In regard to shareholder returns, the company delivered $107 million in returns, $63 million in dividends and $44 in stock repurchases.
Valuation
As you can see from the below valuation metrics, Seeking Alpha’s overall value grade for WSM is a “D-.”
In my prior analysis, the company’s price to earnings ratio was roughly 14. As you can see, it has increased to nearly 20.

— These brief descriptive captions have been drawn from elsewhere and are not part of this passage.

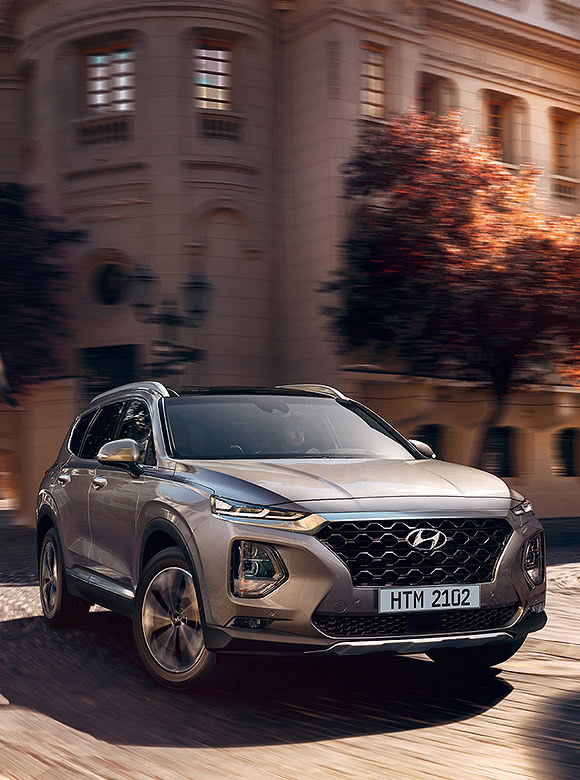 Hyundai New SANTA FE | Характеристики, двигун, коробка передач | Хюндай Мотор Україна - фото 7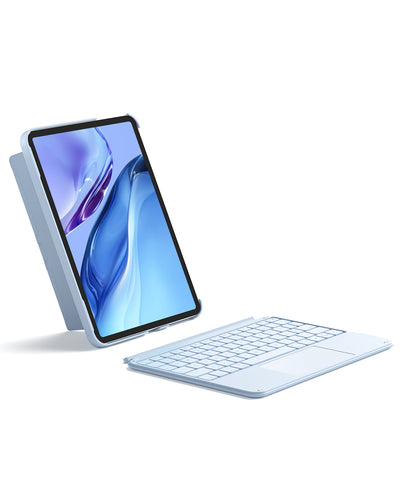 Ultralight Keyboard for iPad Air 11-inch (6), iPad Air 10.9-inch (5/4), iPad 10.9-inch (10th), iPad Pro 11-inch (4/3/2/1), KB04122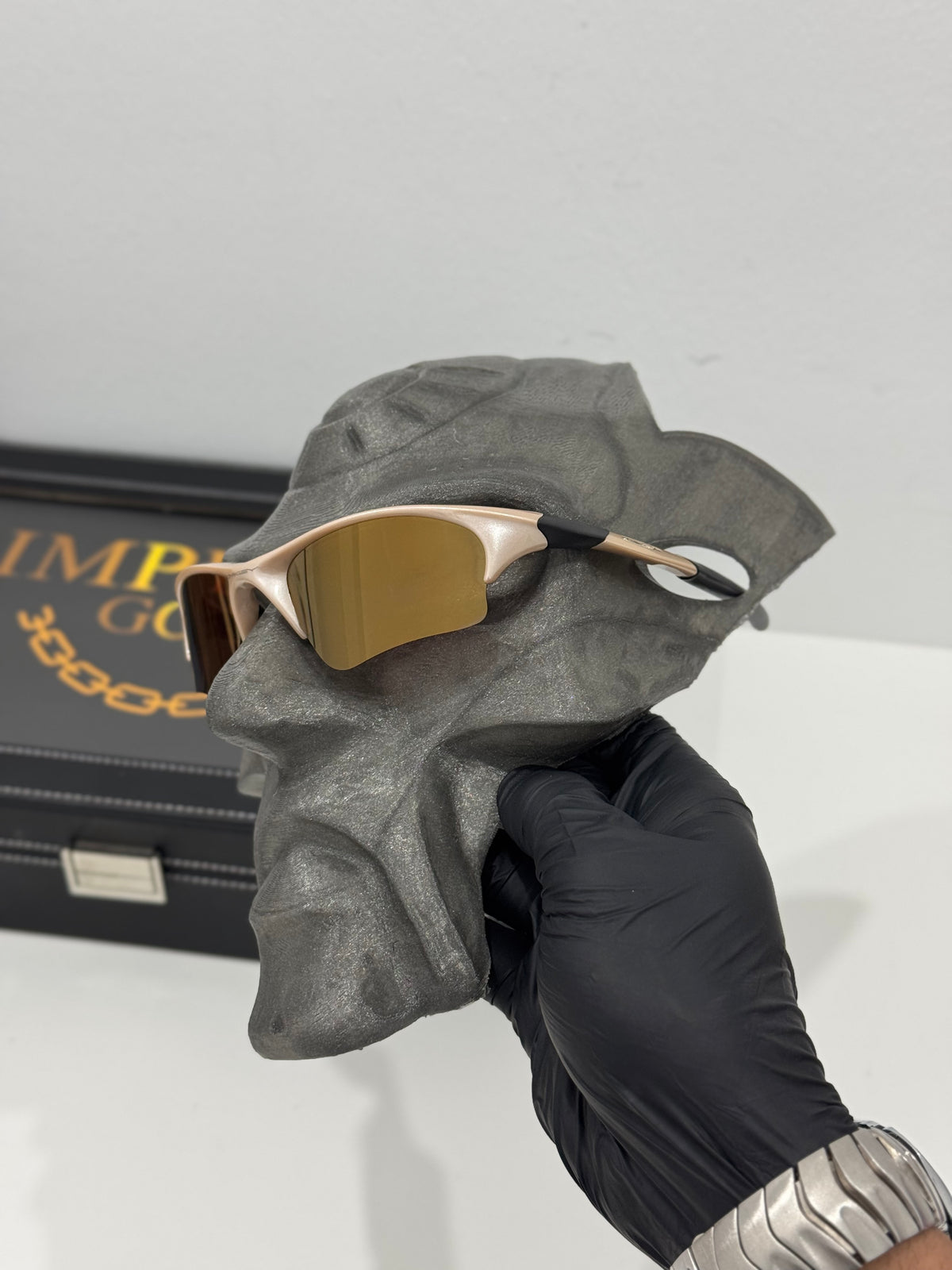 HALF JACKET 2.0 Areia + Lentes Prizm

To compare WSM to Target, you can see their PE ratio has declined, and their price stock hasn’t performed nearly as well as WSM. I know it’s not an apples to apples comparison in terms of the businesses, but these are both established retail companies. I wouldn’t consider adding shares of WSM until their P/E ratio at least was closer to Target’s P/E ratio of 16.
Risks
I think one clear near-term risk, is a decline in consumer discretionary spending. The majority of WSM’s brands have a higher price point aimed at the middle to upper class. Many analysts on the call asked about the macro and Alber’s thoughts on consumer spending and high-ticket items. Alber stated WSM has mostly been immune to weakness in consumer spending as she said, “We haven’t seen a trend in high-ticket softness, we’ve seen more of a furniture softness trend that appears to be better.”
Alber went on to say having high-quality, innovative products is what WSM customers have come to expect from the company.
Other companies such as Target (TGT) and Home Depot (HD) have noted softness in consumer discretionary spending.
I do think WSM targets a higher income class, yet these consumers might begin to feel more impacted as interest rates continue to remain high for the rest of the year (as many estimate the Fed will only cut rates once, if at all, in 2024). These consumers may opt for cheaper alternatives such as Wayfair (W) or even a Target or Walmart (WMT).
Conclusion
WSM delivered excellent Q1 2024 results as the company is making strides on each of their 2024 priorities, especially driving operating margins.
I think WSM is a great business, yet the current valuation seems higher after the stock has run-up faster than I expected thus far in 2024.
Furthermore, I think there is a good chance consumer spending declines as consumers focus more on essentials and less on high-ticket items.
I plan to hold my current shares and not add further until the company’s stock price gets to a more reasonable level.